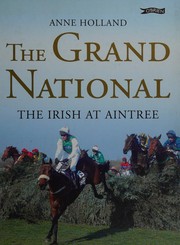 Cover of: The Grand National: the Irish at Aintree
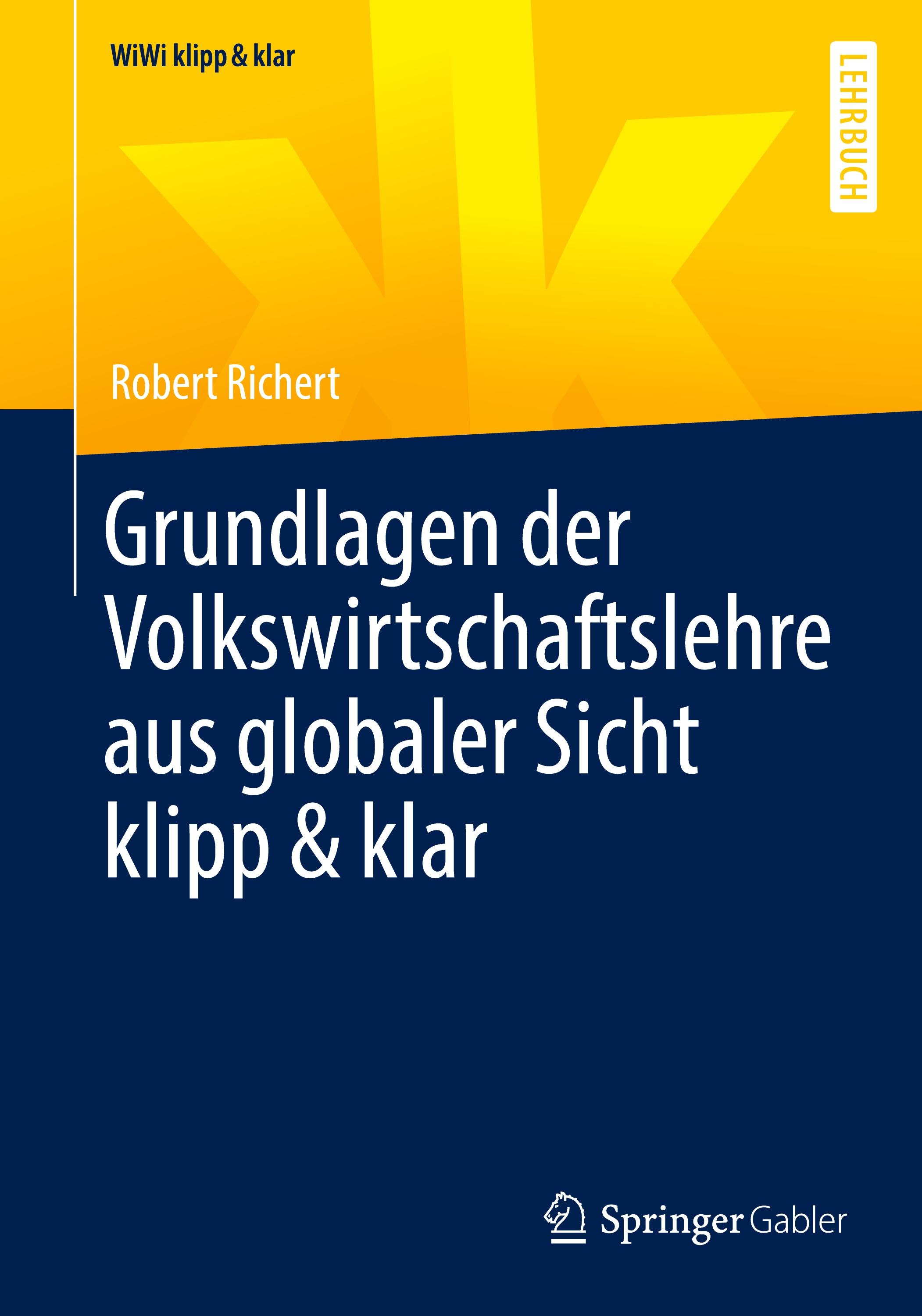 Vorderes Coverbild Grundlagen der Volkswirtschaftslehre aus globaler Sicht klipp & klar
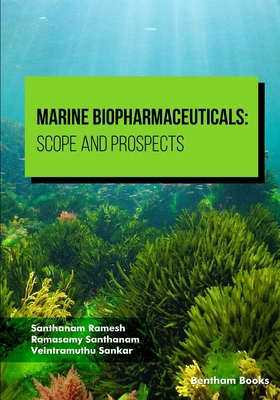 Marine Biopharmaceuticals: Scope and Prospects 9815196499 Book Cover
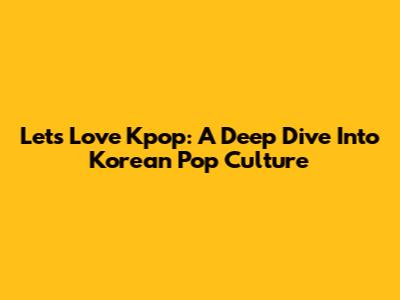 Let's Love Kpop: A Deep Dive Into Korean Pop Culture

What is required:
Set the listing above down again exactly, leaving pictures out.

Reply to the task:
 Cover of: The Grand National: the Irish at Aintree
 Vorderes Coverbild Grundlagen der Volkswirtschaftslehre aus globaler Sicht klipp & klar
 Marine Biopharmaceuticals: Scope and Prospects 9815196499 Book Cover
 Let's Love Kpop: A Deep Dive Into Korean Pop Culture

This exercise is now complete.